Tuesday, June 21, 2005

Moods and Brain Activity

Reacting to stress has always been difficult for me, since I am not a naturally calm person. I’m sure there are many counterbalancing positives for my brain chemistry, but I wish I didn’t have to go through such changes for what are essentially small things. Being with people usually helps me snap out of the agitated state. I believe I have the opposite of social anxiety, or perhaps it is this: when I am alone my imagination takes over and leads me into agitation; when I am with others I am better able because of the circumstances to focus my energies on the moment.


At Mon Oct 10, 07:23:00 AM 2005, Anonymous Anonymous said...
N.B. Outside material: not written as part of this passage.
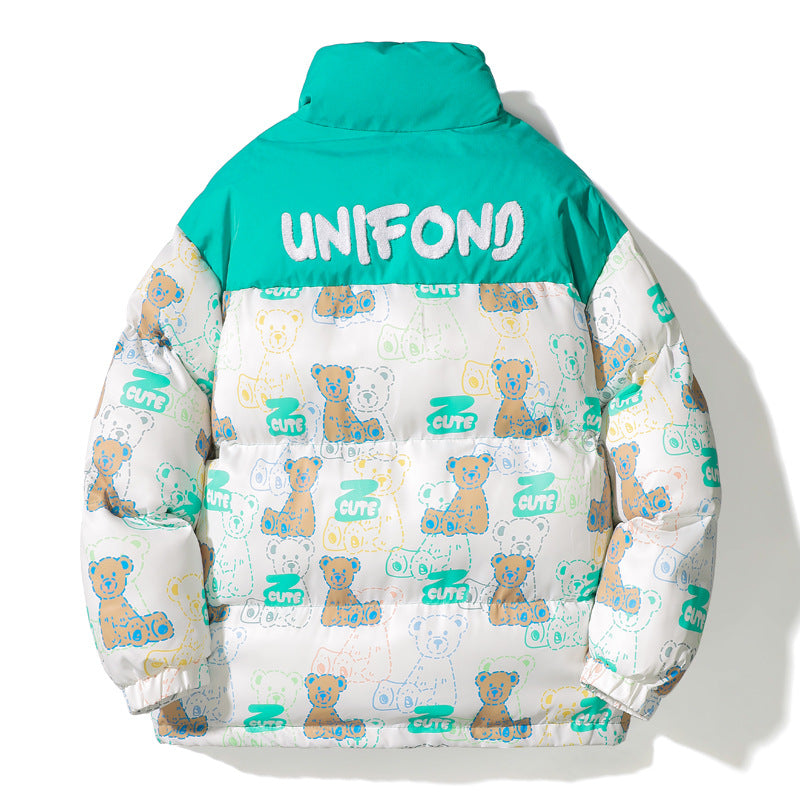 Unisex Gestepptes Teddy‑Print Pufferjacke mit hohem Kragen Nord Taschen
interesting blog - I am unfamiliar with the state of blog. However, I am familiar with being alone, which, opposite from you, I enjoy. I think however it is a nature/nurture thing. The most influencial women in my life had had, by the time I arrived on the planet, an over-abundence of company that always needed something from them (children/husbands) so they were always pleased to be alone so that they could hear their own thoughts without interuption. Consequently, I grew up thinking that this was the desired state to be acheived and I can spend days alone. I'm not sure this is a good thing or a bad thing, but in situations where I am forced to spend extended periods on my own, they tend to be productive as the 'aloneness' is soothing.

Yet there is a difference between being alone and being lonely. Lonliness is sad and I would most likely slip into a low-grade depression if I were lonely. Fortunately for me, I have a wonderful boyfriend. We do not live together and therefor I have the best of both worlds at the moment. The sense of being 'together' with someone, and periods of being alone in which I accomplish alot of work.